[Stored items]
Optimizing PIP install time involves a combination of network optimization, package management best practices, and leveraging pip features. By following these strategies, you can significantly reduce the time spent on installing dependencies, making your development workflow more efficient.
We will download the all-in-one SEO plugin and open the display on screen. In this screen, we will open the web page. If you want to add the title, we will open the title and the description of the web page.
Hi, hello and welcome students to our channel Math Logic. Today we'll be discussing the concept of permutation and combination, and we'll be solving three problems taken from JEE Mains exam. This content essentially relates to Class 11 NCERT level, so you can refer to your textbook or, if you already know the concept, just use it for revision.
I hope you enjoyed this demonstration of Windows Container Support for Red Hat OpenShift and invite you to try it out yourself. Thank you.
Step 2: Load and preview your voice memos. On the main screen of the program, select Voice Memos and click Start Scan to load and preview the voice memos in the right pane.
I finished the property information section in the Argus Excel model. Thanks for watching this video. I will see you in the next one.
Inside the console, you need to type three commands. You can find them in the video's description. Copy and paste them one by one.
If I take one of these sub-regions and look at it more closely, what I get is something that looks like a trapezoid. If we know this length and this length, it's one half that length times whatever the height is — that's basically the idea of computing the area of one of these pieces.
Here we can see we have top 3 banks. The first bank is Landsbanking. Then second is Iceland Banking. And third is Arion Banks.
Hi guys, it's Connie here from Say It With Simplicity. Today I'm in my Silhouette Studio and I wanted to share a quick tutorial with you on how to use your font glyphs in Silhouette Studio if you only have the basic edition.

Work to complete: What you return should be exactly the lines above, starting at the one with "I hope you enjoyed" and ending at the one with "Here we can", and nothing else.

Solution for this exercise:
I hope you enjoyed this demonstration of Windows Container Support for Red Hat OpenShift and invite you to try it out yourself. Thank you.
Step 2: Load and preview your voice memos. On the main screen of the program, select Voice Memos and click Start Scan to load and preview the voice memos in the right pane.
I finished the property information section in the Argus Excel model. Thanks for watching this video. I will see you in the next one.
Inside the console, you need to type three commands. You can find them in the video's description. Copy and paste them one by one.
If I take one of these sub-regions and look at it more closely, what I get is something that looks like a trapezoid. If we know this length and this length, it's one half that length times whatever the height is — that's basically the idea of computing the area of one of these pieces.
Here we can see we have top 3 banks. The first bank is Landsbanking. Then second is Iceland Banking. And third is Arion Banks.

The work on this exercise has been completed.